From Prague Spring to Warsaw Winter: Poland’s 1968 Pogrom
19. November 2007 19:56
While the Czechoslovaks were dealing with their political and cultural spring thaw coming to an end, nearby Poland was experiencing an onslaught of its own. From within. Impetus for the campaign against the Jews, however, came from outside – from both the USSR heads, as well as from the 1967 Six-Day War fought between Israel and Egypt.
Eager to take advantage of the growing mistrust of Israel, the Communist Polish system quickly abused the charges levied by the international community against Israel as weapons of anti-Semitism against their fellow citizens of Jewish origin, claiming that these people were traitors to the Polish nation. Methods of hostility varied, beginning in 1967 when the relocation of Jews to Israel was advocated and climaxing in Warsaw, March 1968, when the student demonstrations, were pinned on the Jews. Continued antagonism took the forms of compiling an index of Polish Jews (whether or not they were actively practicing), printing and distribution of anti-Semitic (euphemized as “anti-Zionist”) pamphlets, followed by the Jews’ removal from state jobs and intellectual positions at universities and schools. Many became involuntary exiles. The entire process was fraught with irony, commencing with the Party chief Władysław Gomułka who had taken on this campaign – his own wife was Jewish.

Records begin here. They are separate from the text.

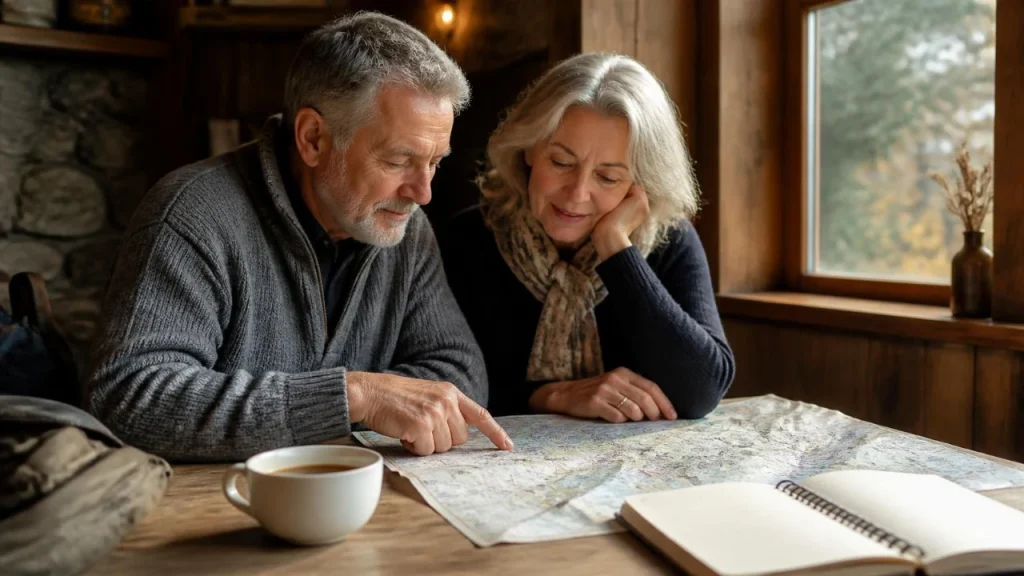 Mature couple planning a trip with a map and notebook

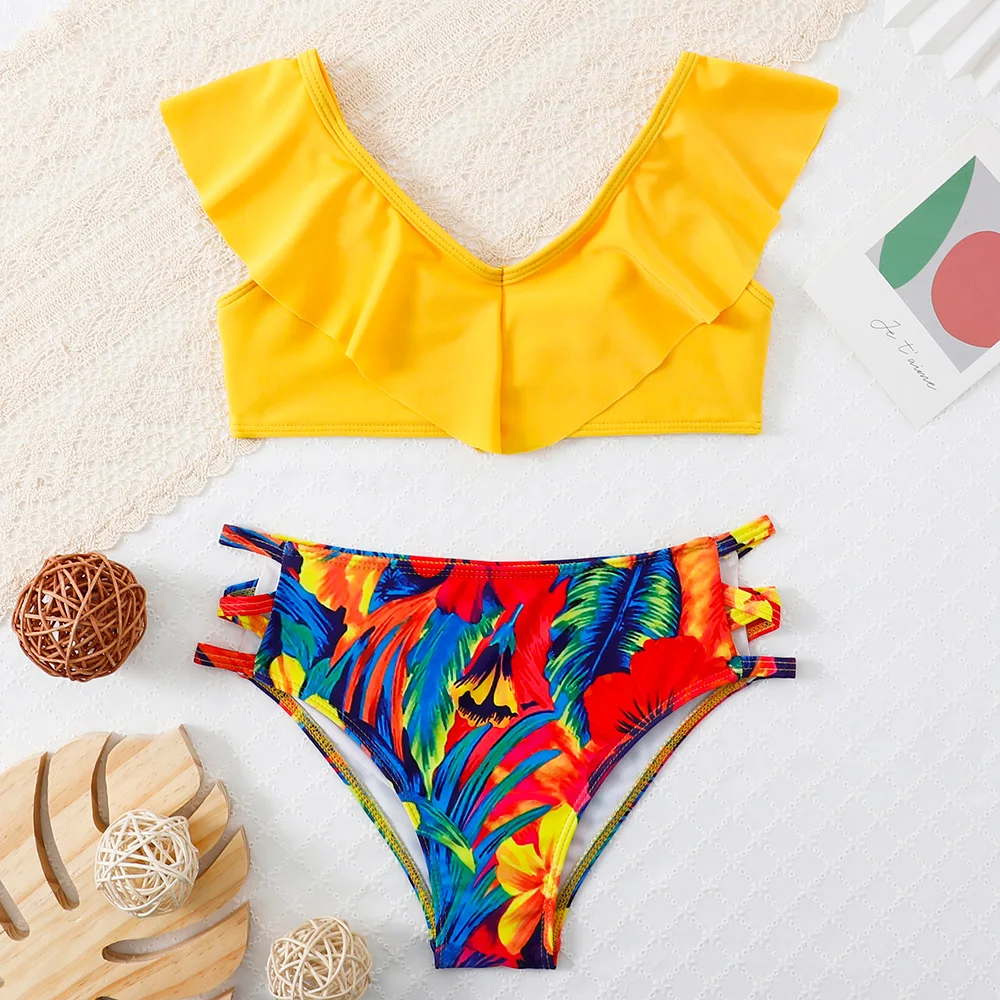 

Tropical Floral Girl Swimsuit Kids Ruffle Trim Bikini Set Two Piece Children's Swimwear 7-14 Years Bathing Suit Summer Beachwear
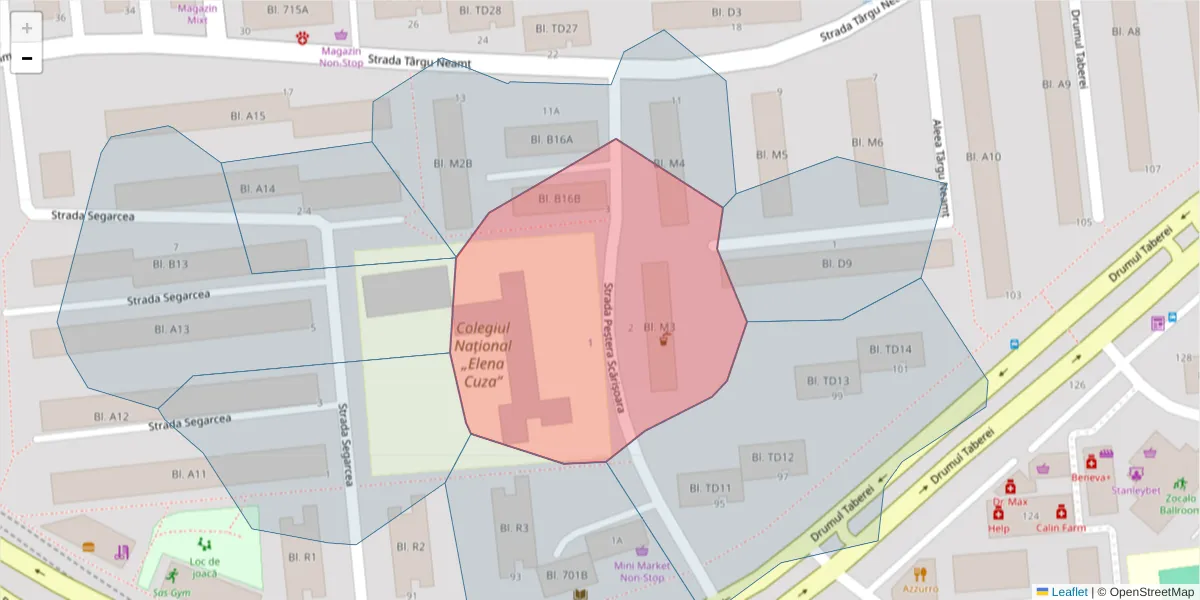 Hartă a codului poștal  și a codurilor poștale învecinate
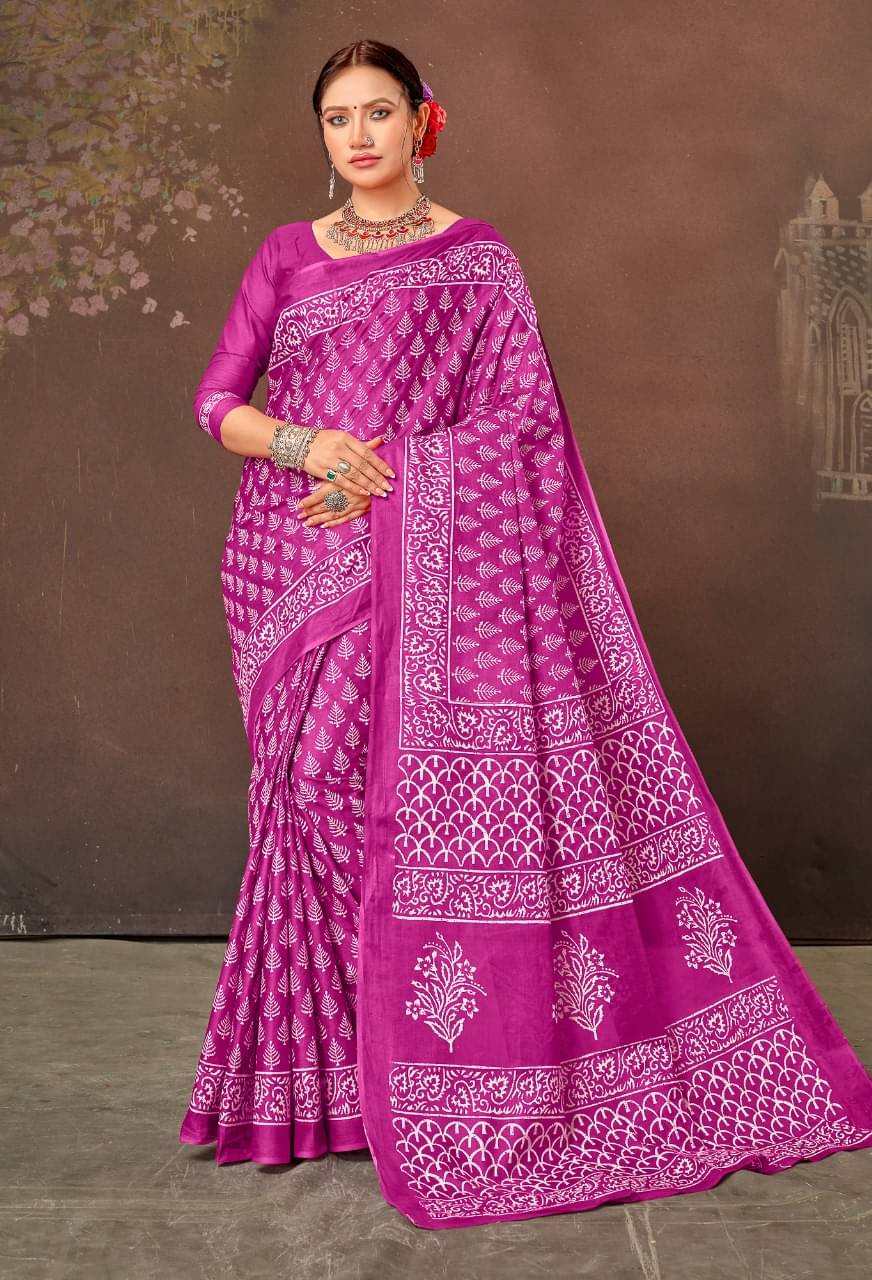     			Vasu Creation Cotton Printed Regular Saree With Unstitched Blouse Piece ( Pink )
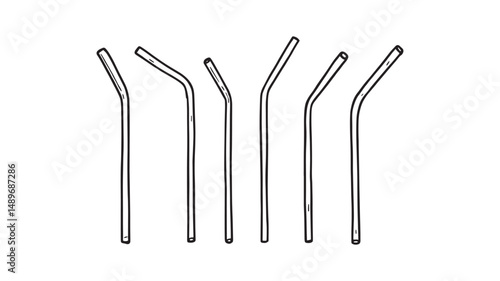 Stainless Steel Straw line art eco friendly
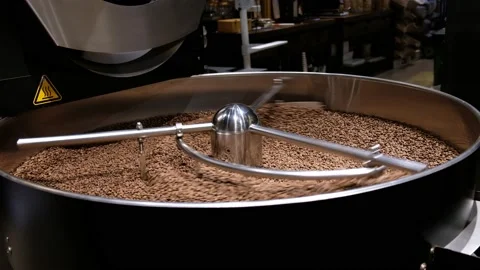 Coffee roaster machine at coffee roasting process. Stock Footage 202634899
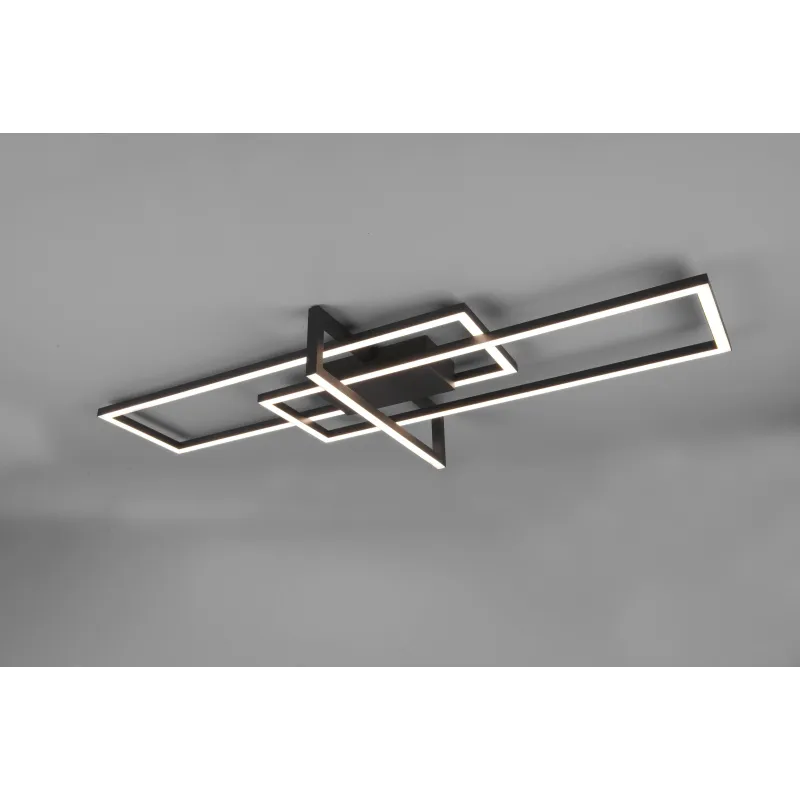 Plafonnier Intérieur Métal noir mat 230V. LED 3000K 3900lm.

Take one zero off the approximate number of Jews who lost their work and Poland found itself in the year 2000, the first time when the events of 1968 were officially apologized for by the government, represented by President Aleksander Kwaśniewski. It was impossible, however, to repair the nation’s reputation anachronistically, especially in terms of its lessened favor with the United States. However, reaction from the West to the Polish pogrom of 1968 had lead to the establishment of groups favoring internal Polish opposition to the Communists and eventually aiding in the establishment of free Poland in 1989.